Without a clear understanding of the radiographic landmarks and
injury patterns in children, the findings in this patient are difficult
to appreciate, even though this child has a major injury that will
require surgical treatment.
Although comparison views are often obtained in children, the
correct diagnosis can be made in this patient using the radiographs
of the injured side alone.
Fractures of the elbow are among the most common extremity injuries
in children. However, they can be difficult to diagnose due to the
complex developmental anatomy of the elbow and the subtle radiographic
manifestations of some injuries. Comparison views are often obtained
to aid radiograph interpretation, although by knowing the principal
anatomical landmarks and injury patterns, the diagnosis can be made
in many cases using radiographs of the injured side alone (Table
Table 1 Common Elbow Injuries in Children ||Download (.pdf)
Table 1 Common Elbow Injuries in Children
|Lateral condyle fracture||15%|
|Medial epicondyle fracture||10%|
|Radial neck or head fracture||8%|
|Complete epiphyseal separation (rare)|
Fractures are often difficult to detect in young children because
much of the elbow is not ossified. In addition, the pliable cortical
bone in children may be deformed without a discrete fracture line (acute
plastic bowing) or have a fracture on only one side of the cortex
(a greenstick fracture). Such fractures can often only be detected
by noting malalignment of the bones of the elbow.
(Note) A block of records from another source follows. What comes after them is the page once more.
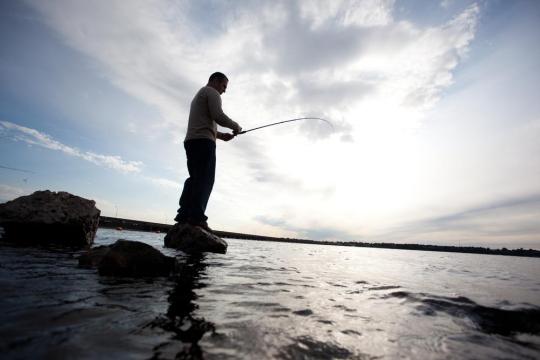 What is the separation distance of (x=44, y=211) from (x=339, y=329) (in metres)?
7.21

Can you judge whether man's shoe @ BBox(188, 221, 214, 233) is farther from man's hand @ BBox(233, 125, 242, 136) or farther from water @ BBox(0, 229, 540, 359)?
water @ BBox(0, 229, 540, 359)

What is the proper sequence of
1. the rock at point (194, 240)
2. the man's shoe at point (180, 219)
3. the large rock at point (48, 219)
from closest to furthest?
the large rock at point (48, 219) → the rock at point (194, 240) → the man's shoe at point (180, 219)

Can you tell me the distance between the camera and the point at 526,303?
11.2ft

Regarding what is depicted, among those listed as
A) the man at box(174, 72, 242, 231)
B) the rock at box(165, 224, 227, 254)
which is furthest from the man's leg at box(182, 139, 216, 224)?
the rock at box(165, 224, 227, 254)

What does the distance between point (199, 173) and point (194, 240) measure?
1879 millimetres

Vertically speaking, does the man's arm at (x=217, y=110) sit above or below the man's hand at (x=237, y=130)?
above

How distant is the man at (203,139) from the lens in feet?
25.1

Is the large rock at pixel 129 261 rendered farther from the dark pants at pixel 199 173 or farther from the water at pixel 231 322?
the dark pants at pixel 199 173

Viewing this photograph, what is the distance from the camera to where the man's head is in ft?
26.4

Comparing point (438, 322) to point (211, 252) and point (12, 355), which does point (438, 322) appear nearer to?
point (12, 355)

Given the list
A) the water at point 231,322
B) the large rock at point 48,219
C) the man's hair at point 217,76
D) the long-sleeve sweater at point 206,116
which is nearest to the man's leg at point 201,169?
the long-sleeve sweater at point 206,116

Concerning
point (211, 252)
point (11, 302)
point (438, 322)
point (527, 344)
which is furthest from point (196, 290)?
point (211, 252)

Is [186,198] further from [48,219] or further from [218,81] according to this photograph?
[218,81]

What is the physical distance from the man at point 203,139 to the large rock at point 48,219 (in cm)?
262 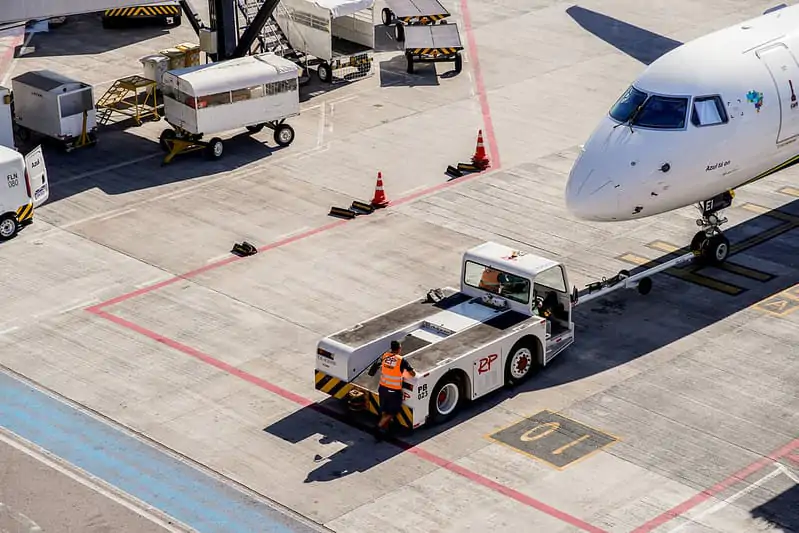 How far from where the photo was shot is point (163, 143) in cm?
4597

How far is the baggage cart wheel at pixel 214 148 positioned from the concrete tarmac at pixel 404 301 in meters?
0.59

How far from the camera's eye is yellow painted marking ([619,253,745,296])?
1401 inches

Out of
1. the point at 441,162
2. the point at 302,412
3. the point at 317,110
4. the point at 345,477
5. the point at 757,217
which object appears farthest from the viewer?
the point at 317,110

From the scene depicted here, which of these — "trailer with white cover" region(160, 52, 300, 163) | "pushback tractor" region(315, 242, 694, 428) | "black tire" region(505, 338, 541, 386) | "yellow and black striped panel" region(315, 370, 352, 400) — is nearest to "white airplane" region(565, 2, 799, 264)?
"pushback tractor" region(315, 242, 694, 428)

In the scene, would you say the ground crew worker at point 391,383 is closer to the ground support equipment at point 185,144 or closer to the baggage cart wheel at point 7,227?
the baggage cart wheel at point 7,227

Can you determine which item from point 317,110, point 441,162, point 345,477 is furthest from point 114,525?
point 317,110

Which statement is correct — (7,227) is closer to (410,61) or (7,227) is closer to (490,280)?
(490,280)

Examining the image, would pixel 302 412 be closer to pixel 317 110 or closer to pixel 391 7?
pixel 317 110

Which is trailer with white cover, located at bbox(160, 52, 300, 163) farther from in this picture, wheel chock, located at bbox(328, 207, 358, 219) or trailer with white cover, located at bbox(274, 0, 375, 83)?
wheel chock, located at bbox(328, 207, 358, 219)

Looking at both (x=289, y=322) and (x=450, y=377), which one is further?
(x=289, y=322)

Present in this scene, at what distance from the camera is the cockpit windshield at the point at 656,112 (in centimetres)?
3325

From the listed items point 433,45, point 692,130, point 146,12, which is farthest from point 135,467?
point 146,12

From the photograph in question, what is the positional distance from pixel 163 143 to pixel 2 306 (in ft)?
41.3

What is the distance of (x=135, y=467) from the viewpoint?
27.4m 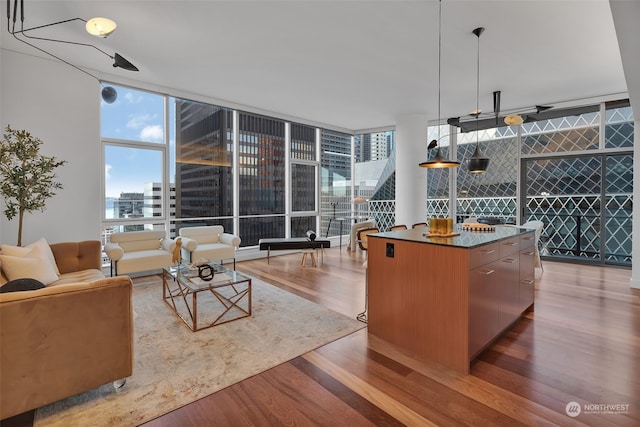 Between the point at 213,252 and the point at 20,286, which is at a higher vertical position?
the point at 20,286

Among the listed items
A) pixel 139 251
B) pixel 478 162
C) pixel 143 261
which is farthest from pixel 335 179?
pixel 143 261

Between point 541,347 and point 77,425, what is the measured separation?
129 inches

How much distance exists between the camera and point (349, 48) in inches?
145

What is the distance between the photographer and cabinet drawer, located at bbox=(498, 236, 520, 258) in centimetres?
272

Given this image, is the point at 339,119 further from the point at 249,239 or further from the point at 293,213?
the point at 249,239

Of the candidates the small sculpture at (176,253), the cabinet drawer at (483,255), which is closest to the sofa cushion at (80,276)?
the small sculpture at (176,253)

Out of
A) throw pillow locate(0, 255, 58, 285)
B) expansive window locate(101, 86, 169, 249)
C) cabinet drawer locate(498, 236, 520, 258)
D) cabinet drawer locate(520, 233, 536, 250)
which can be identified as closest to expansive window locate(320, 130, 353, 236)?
expansive window locate(101, 86, 169, 249)

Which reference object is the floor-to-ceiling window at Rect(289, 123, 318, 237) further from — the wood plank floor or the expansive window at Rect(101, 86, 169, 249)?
the wood plank floor

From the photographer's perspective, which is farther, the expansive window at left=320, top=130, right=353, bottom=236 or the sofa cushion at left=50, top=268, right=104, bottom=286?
the expansive window at left=320, top=130, right=353, bottom=236

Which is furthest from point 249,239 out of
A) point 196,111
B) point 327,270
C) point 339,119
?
point 339,119

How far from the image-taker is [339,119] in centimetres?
710

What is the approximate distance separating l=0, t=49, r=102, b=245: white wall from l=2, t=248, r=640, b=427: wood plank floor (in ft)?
10.5

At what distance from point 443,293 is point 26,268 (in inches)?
138

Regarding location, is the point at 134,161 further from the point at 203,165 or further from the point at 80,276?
the point at 80,276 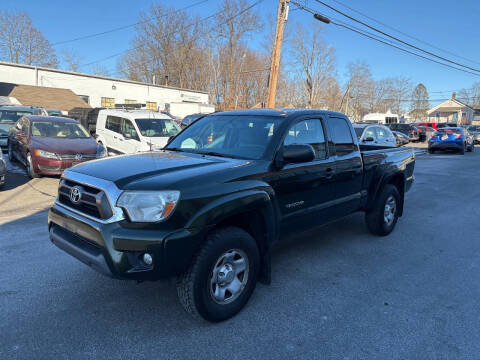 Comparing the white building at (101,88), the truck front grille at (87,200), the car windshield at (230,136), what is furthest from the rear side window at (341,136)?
the white building at (101,88)

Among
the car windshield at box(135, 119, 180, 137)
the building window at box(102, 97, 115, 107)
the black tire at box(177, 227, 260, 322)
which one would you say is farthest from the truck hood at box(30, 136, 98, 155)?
the building window at box(102, 97, 115, 107)

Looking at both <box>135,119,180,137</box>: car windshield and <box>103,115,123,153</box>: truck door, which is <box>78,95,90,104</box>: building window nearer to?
<box>103,115,123,153</box>: truck door

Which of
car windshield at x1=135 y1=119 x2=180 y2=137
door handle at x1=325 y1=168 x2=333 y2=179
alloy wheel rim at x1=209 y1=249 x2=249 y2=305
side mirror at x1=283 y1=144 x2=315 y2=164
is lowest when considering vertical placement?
alloy wheel rim at x1=209 y1=249 x2=249 y2=305

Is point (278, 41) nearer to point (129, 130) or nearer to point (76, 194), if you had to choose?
point (129, 130)

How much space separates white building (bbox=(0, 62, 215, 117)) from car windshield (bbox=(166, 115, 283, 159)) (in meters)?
24.4

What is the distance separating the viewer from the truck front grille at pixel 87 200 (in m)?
2.74

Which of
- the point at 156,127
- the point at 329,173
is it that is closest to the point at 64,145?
the point at 156,127

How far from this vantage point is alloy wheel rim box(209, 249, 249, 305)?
118 inches

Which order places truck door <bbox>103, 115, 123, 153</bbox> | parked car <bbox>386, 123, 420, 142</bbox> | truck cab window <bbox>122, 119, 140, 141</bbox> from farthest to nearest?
parked car <bbox>386, 123, 420, 142</bbox> < truck door <bbox>103, 115, 123, 153</bbox> < truck cab window <bbox>122, 119, 140, 141</bbox>

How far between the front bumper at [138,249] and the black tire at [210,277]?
0.10m

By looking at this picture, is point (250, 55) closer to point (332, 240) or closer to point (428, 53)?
point (428, 53)

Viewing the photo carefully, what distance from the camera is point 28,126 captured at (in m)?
9.92

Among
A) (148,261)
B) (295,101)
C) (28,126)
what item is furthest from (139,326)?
(295,101)

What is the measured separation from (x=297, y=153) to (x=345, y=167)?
50.8 inches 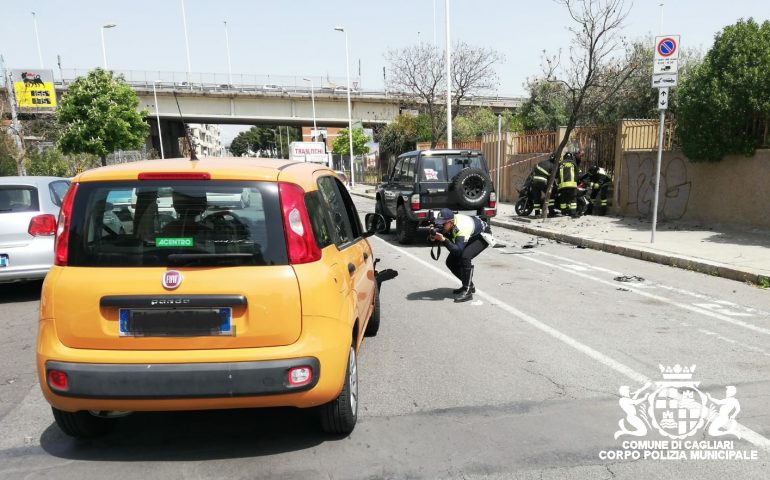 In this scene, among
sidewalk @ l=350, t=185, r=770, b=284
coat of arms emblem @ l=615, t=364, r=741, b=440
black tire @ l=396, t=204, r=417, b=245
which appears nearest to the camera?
coat of arms emblem @ l=615, t=364, r=741, b=440

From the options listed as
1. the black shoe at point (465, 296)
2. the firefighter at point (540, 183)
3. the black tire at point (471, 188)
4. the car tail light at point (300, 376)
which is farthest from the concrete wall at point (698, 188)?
the car tail light at point (300, 376)

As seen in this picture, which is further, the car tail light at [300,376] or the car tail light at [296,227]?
the car tail light at [296,227]

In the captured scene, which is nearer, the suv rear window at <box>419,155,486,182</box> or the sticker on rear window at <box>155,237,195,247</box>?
the sticker on rear window at <box>155,237,195,247</box>

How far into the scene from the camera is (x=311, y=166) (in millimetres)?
4129

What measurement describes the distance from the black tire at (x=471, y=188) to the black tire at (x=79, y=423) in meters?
8.83

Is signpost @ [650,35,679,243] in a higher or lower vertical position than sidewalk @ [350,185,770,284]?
higher

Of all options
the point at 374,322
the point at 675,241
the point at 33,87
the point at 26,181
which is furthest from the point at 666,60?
the point at 33,87

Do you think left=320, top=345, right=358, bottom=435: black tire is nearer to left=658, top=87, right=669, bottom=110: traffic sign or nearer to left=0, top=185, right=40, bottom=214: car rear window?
left=0, top=185, right=40, bottom=214: car rear window

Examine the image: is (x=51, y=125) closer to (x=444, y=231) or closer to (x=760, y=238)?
(x=444, y=231)

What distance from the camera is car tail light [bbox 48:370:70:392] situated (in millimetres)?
2980

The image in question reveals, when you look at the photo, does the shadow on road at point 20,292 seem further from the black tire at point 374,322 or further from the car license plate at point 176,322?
the car license plate at point 176,322

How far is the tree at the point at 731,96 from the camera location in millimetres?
10898

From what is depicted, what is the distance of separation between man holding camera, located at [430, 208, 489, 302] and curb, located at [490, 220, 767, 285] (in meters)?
4.11

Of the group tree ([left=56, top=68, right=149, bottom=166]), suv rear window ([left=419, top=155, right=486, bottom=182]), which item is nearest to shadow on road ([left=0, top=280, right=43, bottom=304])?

There are two key landmarks of alignment that are useful in detecting
elbow injuries in children—the anterior
humeral line and the radiocapitellar
line. In addition, the location and the sequence of appearance
of the six ossification centers of
the elbow must also be understood because they are often involved
in elbow injuries. The growth plates do not fuse until late adolescence
and these can be difficult to distinguish from fractures.
There are three distinctive elbow injuries in
children: supracondylar fractures, lateral
condylar fractures and medial epicondylar
avulsion fractures (Table 1). ...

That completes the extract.